Advanced 3D ultrasonic characterisation of 2D woven composites

Abstract

The principal aim of this project was to generate an automated mapping programme that will identify and quantify deviations from design, due to either manufacturing processes or in-service defects. Focusing on woven carbon fibre composites, using data acquired from ultrasonic non-destructive testing, individual weave identities have been developed. Knowledge of the individual weave identity will enable two key pieces of information when analysing components; lay-up and the presence of defects in terms of shear and rotation. Knowledge of the lay-up and presence of defects results in better informed decisions regarding the manufacture and the longevity of components. In many cases the requirement for a twin component to be manufactured will be negated; subsequently saving both time and money.

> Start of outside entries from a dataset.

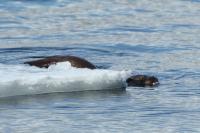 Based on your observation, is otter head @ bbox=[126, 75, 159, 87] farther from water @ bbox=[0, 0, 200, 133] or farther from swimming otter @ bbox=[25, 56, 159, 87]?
water @ bbox=[0, 0, 200, 133]

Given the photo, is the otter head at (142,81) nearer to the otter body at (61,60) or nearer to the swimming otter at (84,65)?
the swimming otter at (84,65)

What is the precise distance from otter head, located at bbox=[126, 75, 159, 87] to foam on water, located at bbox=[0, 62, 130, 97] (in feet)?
1.01

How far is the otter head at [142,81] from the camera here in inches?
474

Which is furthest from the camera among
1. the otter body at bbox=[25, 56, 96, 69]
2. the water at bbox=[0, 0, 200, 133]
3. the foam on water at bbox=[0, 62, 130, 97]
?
the otter body at bbox=[25, 56, 96, 69]

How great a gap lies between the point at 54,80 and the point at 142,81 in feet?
4.20

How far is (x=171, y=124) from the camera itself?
991 cm

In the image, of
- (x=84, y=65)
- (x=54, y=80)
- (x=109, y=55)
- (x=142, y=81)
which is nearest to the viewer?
(x=54, y=80)

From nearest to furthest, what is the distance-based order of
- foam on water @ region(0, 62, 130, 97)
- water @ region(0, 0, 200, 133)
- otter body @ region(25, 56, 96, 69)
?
water @ region(0, 0, 200, 133), foam on water @ region(0, 62, 130, 97), otter body @ region(25, 56, 96, 69)

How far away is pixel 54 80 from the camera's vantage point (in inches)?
440

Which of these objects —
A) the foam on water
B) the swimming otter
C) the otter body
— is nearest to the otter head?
the swimming otter

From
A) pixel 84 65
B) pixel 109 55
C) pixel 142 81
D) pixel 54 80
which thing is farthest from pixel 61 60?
pixel 109 55

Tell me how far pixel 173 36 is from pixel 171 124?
21.1 feet

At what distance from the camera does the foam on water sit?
1095cm

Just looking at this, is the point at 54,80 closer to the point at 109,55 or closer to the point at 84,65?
the point at 84,65
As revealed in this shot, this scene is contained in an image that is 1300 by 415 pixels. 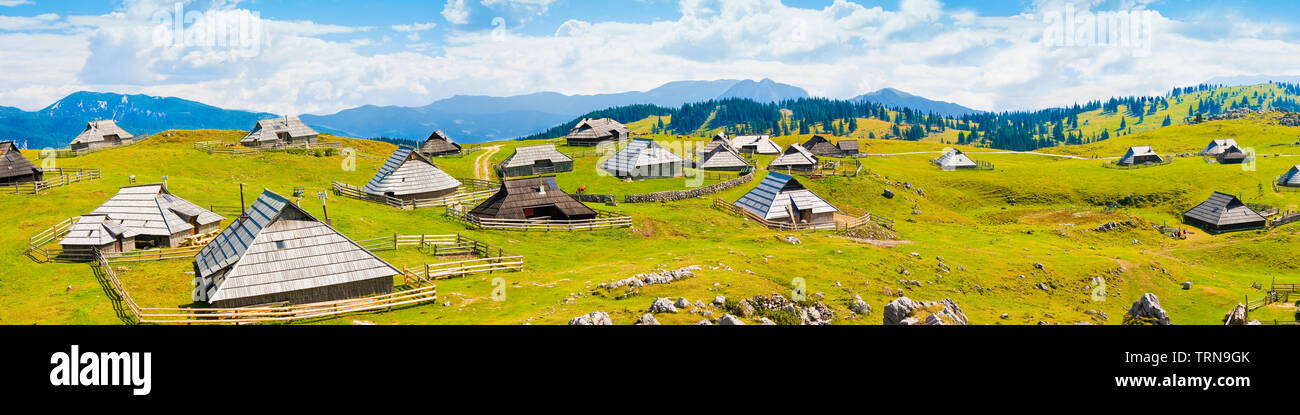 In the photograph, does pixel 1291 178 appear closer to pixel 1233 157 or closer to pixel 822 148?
pixel 1233 157

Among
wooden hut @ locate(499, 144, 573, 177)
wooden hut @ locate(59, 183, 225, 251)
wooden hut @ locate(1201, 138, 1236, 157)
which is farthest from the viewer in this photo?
wooden hut @ locate(1201, 138, 1236, 157)

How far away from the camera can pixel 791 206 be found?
5328cm

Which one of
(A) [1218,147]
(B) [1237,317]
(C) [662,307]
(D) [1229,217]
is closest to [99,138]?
(C) [662,307]

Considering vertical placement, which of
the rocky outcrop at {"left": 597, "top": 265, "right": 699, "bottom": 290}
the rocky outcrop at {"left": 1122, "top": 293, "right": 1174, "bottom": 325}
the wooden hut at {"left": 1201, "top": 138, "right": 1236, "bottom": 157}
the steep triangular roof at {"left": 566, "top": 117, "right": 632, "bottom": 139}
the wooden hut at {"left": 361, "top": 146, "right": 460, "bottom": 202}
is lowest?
the rocky outcrop at {"left": 1122, "top": 293, "right": 1174, "bottom": 325}

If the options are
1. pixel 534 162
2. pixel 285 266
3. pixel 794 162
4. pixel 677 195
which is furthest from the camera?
pixel 794 162

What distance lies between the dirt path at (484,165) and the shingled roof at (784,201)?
33.9m

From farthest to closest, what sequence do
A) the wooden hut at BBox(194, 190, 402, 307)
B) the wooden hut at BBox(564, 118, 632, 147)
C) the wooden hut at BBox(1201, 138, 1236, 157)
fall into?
the wooden hut at BBox(1201, 138, 1236, 157), the wooden hut at BBox(564, 118, 632, 147), the wooden hut at BBox(194, 190, 402, 307)

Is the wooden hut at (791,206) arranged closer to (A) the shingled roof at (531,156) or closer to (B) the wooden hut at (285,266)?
(A) the shingled roof at (531,156)

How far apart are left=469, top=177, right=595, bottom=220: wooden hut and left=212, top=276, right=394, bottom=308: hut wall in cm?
1952

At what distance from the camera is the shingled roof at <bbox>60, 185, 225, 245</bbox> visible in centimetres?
3703

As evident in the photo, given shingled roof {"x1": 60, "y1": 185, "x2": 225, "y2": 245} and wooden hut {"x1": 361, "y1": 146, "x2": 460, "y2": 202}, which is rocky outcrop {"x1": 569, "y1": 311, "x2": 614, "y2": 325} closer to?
shingled roof {"x1": 60, "y1": 185, "x2": 225, "y2": 245}

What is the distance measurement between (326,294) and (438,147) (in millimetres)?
69243

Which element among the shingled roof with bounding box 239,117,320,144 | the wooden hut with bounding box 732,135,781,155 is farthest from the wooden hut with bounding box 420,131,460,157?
the wooden hut with bounding box 732,135,781,155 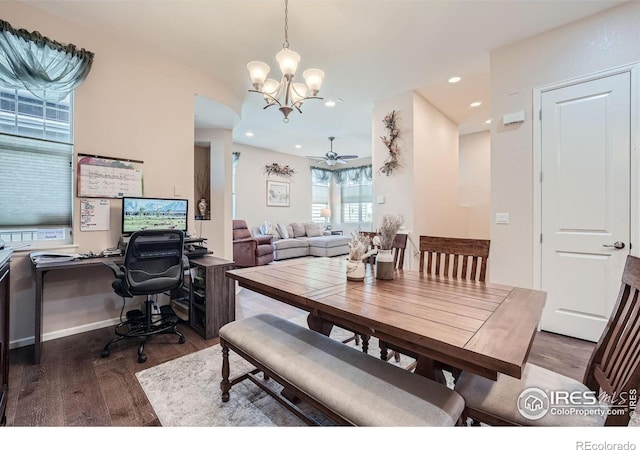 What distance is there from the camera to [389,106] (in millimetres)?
4148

The development of individual weave identities, alongside automation of the classification procedure is the key contribution of this thesis. The literature review shows that this capability does not currently exist. The weave identity work began with the adaption of Miller Indices from crystallography. In order to automate the weave identification, a spatial frequency vs. angle plot was established using image transformation. It was the realisation that the weave characteristic lines (and their subsequent spots on the spatial frequency vs. angle plots) are different from the lines corresponding to the fibre’s warp and weft tows which allowed for the discrimination of weave type. The process of weave identification was automated and both the accuracy and precision of the measurement of in-plane were established. Consequently, the developed technique enables the identification of angular distortions in woven carbon fibre composites. Finally, the testing of real samples showed that the presented method of weave classification works well, providing the images of the weaves are good, and that the imaging of the weave gets worse with depth, surface roughness and when the probe frequency does not match the ply resonance.